Предстоял еще долгий путь до того момента, когда тепло количественно вошло в научный обиход, была определена его атомная природа и оно было включено в закон сохранения энергии. Потребность понять тепло вырастала, как мы указали, из огромной важности парового двигателя в промышленности, и неудивительно, что большинство результатов, которые привели к нашему современному пониманию тепла, было получено группой ученых, сосредоточенной на севере Британии, в Глазго и Манчестере, и имевшей тесные связи с индустрией мануфактур.
Есть одна тема, которая будет вновь и вновь возникать на протяжении всей этой книги, и это тема о том, что продвижение науки связано с упразднением универсальных констант. Здесь появляется первый проблеск того, в чем она заключается, и прояснение того, что из этого вытекает. В девятнадцатом веке (и, следует признать, в некоторых частях мира в двадцать первом) работа измерялась одним набором единиц (единицей оказался эрг, но детали здесь не важны), а тепло измерялось другим набором (калории). Различие единиц измерения этих двух величин скрывало тот факт, что эти величины по существу одно и то же. В девятнадцатом веке прилагалось много усилий в попытке измерить «механический эквивалент тепла», работу, которая может быть получена из данного количества тепла, и найти эффективный коэффициент перехода от калорий к эргам. Эти усилия дали существенный вклад в прогресс науки и экспериментальные обоснования для закона сохранения энергии. Однако, с нашей сегодняшней точки зрения, это была пустая трата времени. Не поймите меня неправильно: это была плодотворно пустая трата времени. Она была плодотворной, поскольку помогла показать, что тепло есть форма энергии, что невозможно произвести работы больше, чем запасено тепла, и что тепла производится не больше, чем произведено работы. Это была пустая трата времени лишь потому, что теперь мы понимаем работу и тепло как две формы одной целостности, энергии, измеряем их одними и теми же единицами и больше не нуждаемся в переводе одной единицы в другую.

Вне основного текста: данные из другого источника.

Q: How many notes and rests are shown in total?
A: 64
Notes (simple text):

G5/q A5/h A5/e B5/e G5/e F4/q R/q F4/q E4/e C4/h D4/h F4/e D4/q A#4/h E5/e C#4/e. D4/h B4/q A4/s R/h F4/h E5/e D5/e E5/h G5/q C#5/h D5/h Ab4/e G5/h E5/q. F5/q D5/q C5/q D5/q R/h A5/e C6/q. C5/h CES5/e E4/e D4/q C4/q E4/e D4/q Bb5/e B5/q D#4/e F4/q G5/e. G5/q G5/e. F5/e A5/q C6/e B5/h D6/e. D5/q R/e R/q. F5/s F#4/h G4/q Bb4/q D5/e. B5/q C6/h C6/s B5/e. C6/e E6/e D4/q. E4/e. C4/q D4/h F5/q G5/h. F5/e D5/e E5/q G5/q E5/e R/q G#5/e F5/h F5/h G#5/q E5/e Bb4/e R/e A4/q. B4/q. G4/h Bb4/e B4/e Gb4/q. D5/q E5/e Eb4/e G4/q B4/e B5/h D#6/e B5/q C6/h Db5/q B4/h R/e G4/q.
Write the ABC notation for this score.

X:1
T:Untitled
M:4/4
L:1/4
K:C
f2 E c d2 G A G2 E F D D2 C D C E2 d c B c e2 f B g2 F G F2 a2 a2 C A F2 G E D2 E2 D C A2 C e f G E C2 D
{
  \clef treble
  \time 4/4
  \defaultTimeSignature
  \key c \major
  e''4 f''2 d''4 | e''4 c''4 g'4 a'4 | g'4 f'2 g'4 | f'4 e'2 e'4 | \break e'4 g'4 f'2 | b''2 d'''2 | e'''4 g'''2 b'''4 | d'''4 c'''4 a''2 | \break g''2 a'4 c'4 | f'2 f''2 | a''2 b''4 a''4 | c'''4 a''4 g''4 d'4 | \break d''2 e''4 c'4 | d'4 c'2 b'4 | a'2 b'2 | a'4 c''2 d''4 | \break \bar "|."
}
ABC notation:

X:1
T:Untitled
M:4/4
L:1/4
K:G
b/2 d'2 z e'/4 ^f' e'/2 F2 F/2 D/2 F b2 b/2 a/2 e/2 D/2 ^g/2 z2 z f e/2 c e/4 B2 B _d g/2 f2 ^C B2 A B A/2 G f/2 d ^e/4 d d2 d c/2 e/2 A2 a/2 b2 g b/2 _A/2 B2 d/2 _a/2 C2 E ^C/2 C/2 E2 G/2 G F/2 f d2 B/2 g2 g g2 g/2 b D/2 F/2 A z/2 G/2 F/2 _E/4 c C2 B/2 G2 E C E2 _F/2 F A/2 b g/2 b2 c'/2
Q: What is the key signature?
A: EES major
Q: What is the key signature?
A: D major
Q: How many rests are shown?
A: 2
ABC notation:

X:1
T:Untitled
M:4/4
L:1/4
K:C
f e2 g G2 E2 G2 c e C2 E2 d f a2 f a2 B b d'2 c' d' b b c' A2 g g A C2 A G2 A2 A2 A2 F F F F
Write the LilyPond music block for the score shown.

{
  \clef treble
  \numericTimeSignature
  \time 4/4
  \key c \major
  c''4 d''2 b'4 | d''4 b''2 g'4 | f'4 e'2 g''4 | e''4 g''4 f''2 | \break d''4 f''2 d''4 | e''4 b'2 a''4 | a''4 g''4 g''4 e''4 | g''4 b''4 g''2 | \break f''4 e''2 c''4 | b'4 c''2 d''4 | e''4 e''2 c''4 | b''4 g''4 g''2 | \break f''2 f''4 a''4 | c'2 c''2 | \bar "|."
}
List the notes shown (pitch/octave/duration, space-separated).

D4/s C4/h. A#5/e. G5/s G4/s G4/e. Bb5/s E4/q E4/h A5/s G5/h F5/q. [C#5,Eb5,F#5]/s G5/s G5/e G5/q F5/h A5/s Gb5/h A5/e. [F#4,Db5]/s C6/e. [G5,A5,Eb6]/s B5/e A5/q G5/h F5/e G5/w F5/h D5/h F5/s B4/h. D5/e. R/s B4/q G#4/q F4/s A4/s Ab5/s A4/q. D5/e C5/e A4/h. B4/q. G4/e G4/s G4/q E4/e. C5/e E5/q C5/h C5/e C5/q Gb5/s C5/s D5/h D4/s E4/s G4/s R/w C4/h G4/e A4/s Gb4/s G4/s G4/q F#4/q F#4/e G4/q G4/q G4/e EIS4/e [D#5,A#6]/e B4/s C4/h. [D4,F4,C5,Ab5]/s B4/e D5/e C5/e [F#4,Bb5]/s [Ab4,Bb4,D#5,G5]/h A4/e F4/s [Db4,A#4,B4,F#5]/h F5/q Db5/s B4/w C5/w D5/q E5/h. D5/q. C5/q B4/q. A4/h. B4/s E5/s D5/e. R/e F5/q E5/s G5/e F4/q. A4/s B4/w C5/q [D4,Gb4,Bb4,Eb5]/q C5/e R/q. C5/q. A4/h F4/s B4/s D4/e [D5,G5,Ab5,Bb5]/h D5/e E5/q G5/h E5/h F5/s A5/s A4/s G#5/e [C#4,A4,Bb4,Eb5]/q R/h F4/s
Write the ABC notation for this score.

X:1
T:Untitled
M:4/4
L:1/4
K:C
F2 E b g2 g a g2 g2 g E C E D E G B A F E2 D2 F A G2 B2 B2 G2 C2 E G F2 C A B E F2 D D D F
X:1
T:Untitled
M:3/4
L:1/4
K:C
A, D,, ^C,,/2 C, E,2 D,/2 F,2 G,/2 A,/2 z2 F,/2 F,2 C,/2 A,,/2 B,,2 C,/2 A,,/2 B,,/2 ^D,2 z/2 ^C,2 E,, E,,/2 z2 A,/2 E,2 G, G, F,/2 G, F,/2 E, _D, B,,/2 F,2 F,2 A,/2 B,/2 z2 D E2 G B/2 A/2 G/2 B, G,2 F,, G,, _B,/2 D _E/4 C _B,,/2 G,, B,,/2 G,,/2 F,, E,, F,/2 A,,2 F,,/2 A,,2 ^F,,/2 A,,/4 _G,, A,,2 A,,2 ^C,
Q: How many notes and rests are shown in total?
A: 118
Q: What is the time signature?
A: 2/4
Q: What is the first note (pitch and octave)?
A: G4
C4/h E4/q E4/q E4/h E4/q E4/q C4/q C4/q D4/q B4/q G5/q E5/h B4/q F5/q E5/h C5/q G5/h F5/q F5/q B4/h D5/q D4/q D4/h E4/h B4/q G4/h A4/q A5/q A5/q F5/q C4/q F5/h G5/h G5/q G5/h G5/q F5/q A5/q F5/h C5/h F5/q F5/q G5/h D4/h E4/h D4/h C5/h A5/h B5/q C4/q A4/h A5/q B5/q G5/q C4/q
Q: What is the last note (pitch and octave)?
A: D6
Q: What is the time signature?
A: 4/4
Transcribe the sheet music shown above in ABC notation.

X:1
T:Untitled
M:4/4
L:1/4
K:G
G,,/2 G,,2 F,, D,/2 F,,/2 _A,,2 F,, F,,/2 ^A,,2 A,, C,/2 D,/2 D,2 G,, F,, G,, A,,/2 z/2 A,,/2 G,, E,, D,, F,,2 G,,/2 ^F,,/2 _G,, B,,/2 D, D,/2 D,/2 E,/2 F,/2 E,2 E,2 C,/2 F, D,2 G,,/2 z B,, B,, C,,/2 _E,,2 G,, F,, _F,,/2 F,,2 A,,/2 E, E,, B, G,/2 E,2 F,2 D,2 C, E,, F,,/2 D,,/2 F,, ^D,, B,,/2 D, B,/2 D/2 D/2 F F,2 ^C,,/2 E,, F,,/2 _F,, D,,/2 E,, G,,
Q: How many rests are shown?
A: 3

Джеймс Джоуль (1818-89) является тем, кто заслуживает наибольшего уважения за исключительно плодотворную пустую трату времени. Джоуль, рожденный в Манчестере, сын богатого пивовара, имел достаточно собственных средств, чтобы проводить исследования до тех пор, пока около 1875 г. деньги не кончились. В своем знаменитом эксперименте Джоуль использовал быстро вращающиеся гребные колеса, приводимые в движение падающим грузом и баламутящие воду, и измерял подъем температуры воды (рис. 3.8). Таким способом он сумел показать, что работа может быть преобразована в тепло. Сравнивая работу, необходимую, чтобы увеличить температуру воды на заданную величину, с количеством тепла, нужным для того, чтобы достичь того же эффекта, он смог измерить механический эквивалент теплоты. Хотя он и измерял величину, которая ныне бесполезна, он заслуживает безмерных похвал за то, что установил эквивалентность тепла и работы и таким образом показал, что эта величина, на попытки измерения которой он потратил так много времени, не была важной. Для увековечения памяти о его вкладе единица, которой измеряются работа, тепло и, конечно, энергия в целом, названа джоулем. Джоуль (Дж) очень маленькая единица энергии: каждый удар человеческого сердца производит работу около 1 Дж. Каждый день, в соответствии приблизительно со ста тысячами ударов, ваше сердце производит около ста тысяч джоулей работы, гоня кровь по вашему телу, поэтому вам необходимо поглощать достаточно пищи, чтобы обеспечить количество энергии, достаточное для поддержания его тикания. (Думание об этом требует немного больше энергии.)